I wanted to come up with a color organ designed especially for lightning use:
I still haven't slapped this thing together, but perhaps one of my readers with a technological frame of mind, and the burning need for a cheap lightning box would like to give it a shot.
Design
They key to the cheap and easy color organ is the use of
solid state relays.
I must also admit to being inspired by the
Velleman MK110
single-channel color organ kit.
I looked at that puppy and said, "that's nothing more than a SSR, built from scratch!"
The problem with optocoupler-based color organs is that they relatively insensitive - you need to really crank up the sound to get the lights to flash. The reason for this is pretty simple: when driving something from the speaker-level signals, the voltage that we see depends on the sound volume.
| signal type | voltage | current |
| .1W into 8-ohm speakers | .894V | .112A |
| 1W into 8-ohm speakers | 2.83V | .354A |
| 10W into 8-ohm speakers | 8.94V | 1.12A |
| 100W into 8-ohm speakers | 28.3V | 3.54A |
We'll have the same problem with commercial SSRs.
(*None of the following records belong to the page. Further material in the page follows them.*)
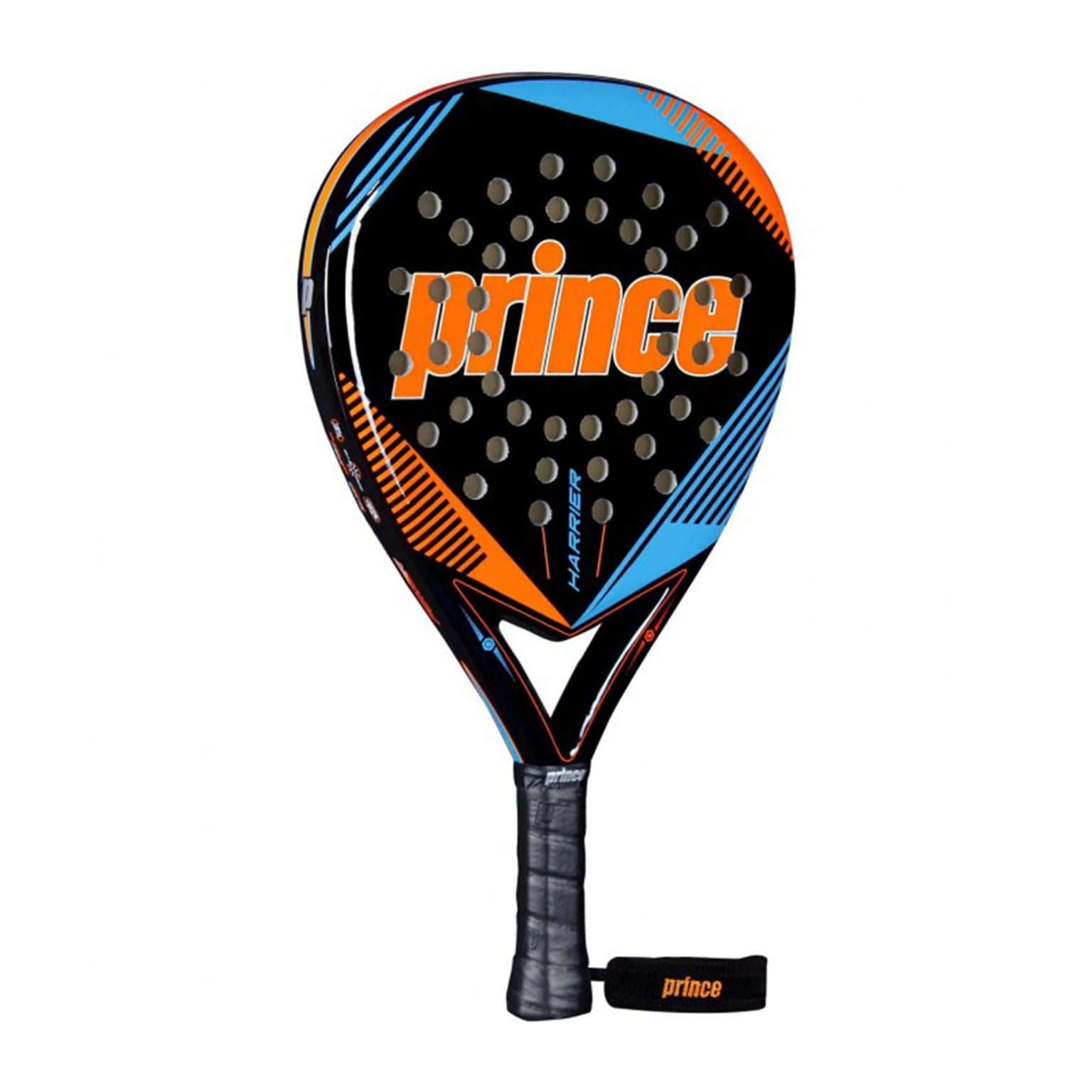 Prince - Pala Padel Harrier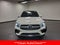 2021 Mercedes-Benz GLB GLB 250 4MATIC®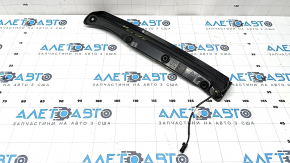 Right tailgate tilt sensor for Jeep Grand Cherokee WL 22-25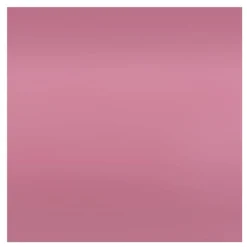 Zao Classic Lipstick Best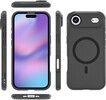 4smarts Defend Case with UltiMag (iPhone 17 Air)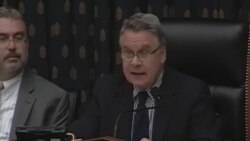 Discuten en Congreso de EEUU qué cambió para los cubanos desde el deshielo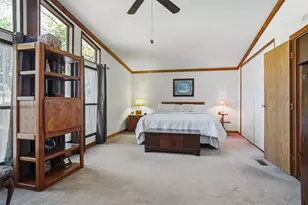 373 Co Rd 1742, Chico, TX 76431 - Photo 20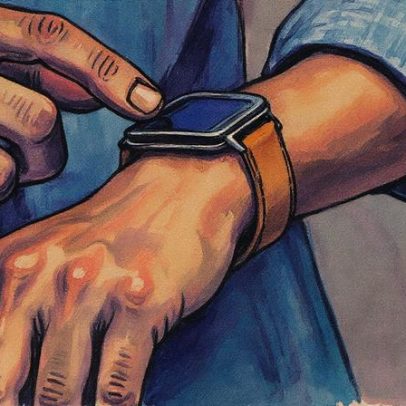 Júri dos EUA determina que Apple pague US$ 634 milhões à Masimo por patente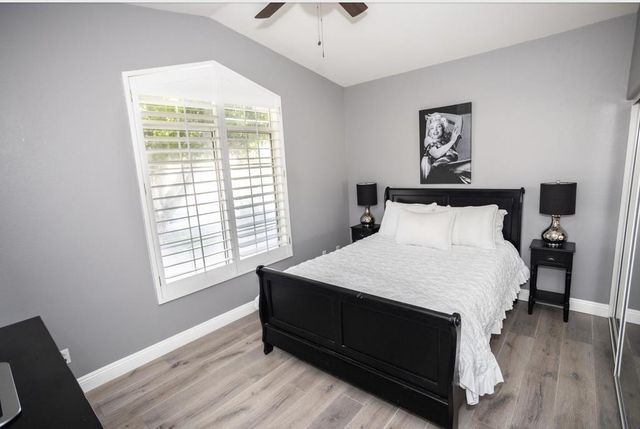 40600 Via Fonda, Palm Desert, CA 92260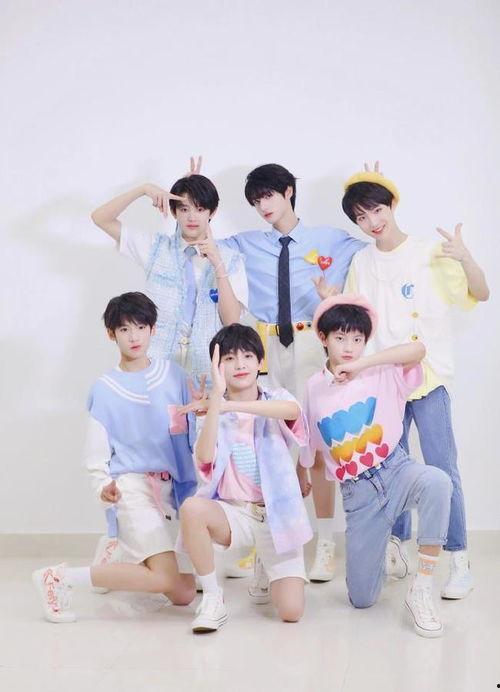 TF家族吃瓜爆料,吃瓜爆料揭秘幕后真相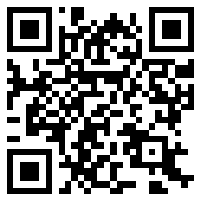 QR Code for 1F1GRQNv3DWgaYpkm4kd7m7DTFoto7MLSL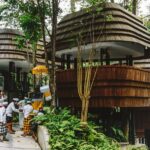 kuliner ubud bali
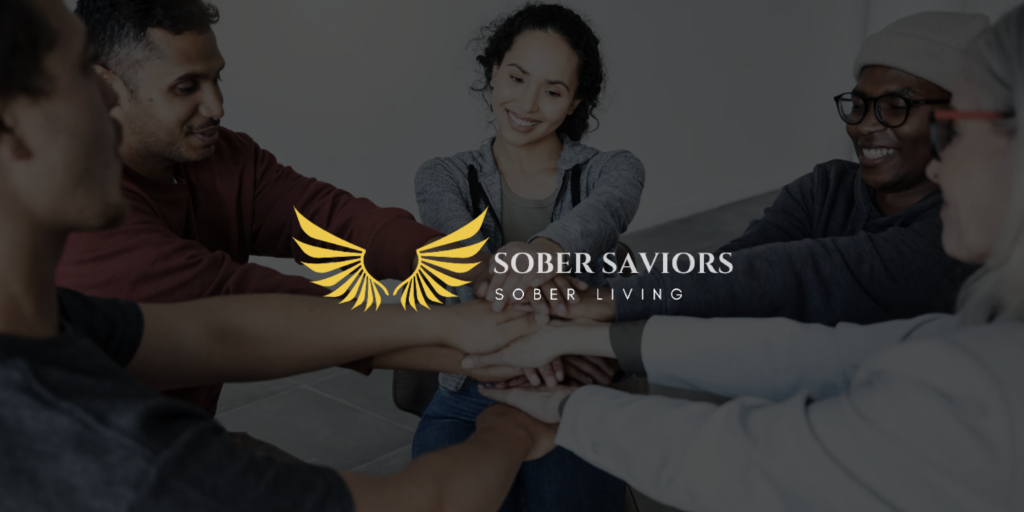 Ray O'Brien LLC, DBA Sober Saviors — sober living in Akron, Ohio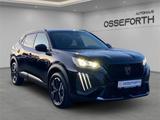 Peugeot 2008 Allure 1.2l +360 +ACC+NAVI+SITZ-HZG+LED - Peugeot 2008: 3.2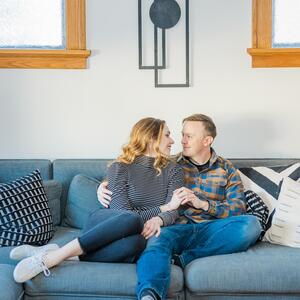 Gallery Photo 37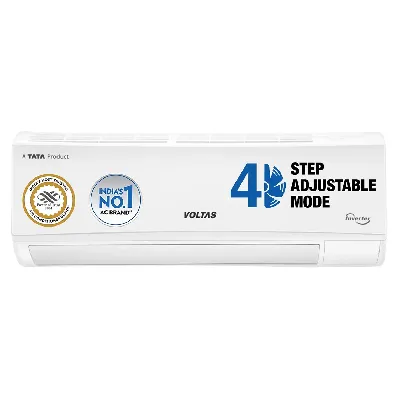 4503692 1.5 Ton 3 star Adjustable Inverter Split AC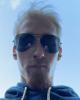 Alex is single in Corning, NY USA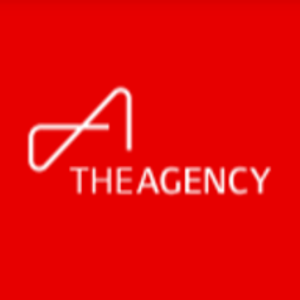 The Agency Property Management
I think that a transformer will help by boosting the incoming signal.
Untested!
Components in blue are optional, but highly recommended.
The transformer output is AC and the SSR input is DC.
Half the time, the LED will be reverse-biased.
The optional LED, in addition to serving as a pilot light,
gets rid of the reverse bias on the LED inside the SSR.
| quantity | component | estimated cost per unit |
| 1 | 1k:8ohm transformer | |
| 1 | audio input jack or binding posts | $.50 |
| 1 | 110 VAC line cord | $1 |
| 1 | 10A fuse | |
| 1 | fuse holder | |
| 1 | 110 VAC power outlet | |
| 1 | 10A solid state relay | $5, surplus |
| 1 | 100k potentiometer |
Here's a two-channel version:
Untested!
Components in blue are optional, and not recommended.
Since the two SSRs are connected to opposite phases of the transformer output,
they protect each other from reverse bias.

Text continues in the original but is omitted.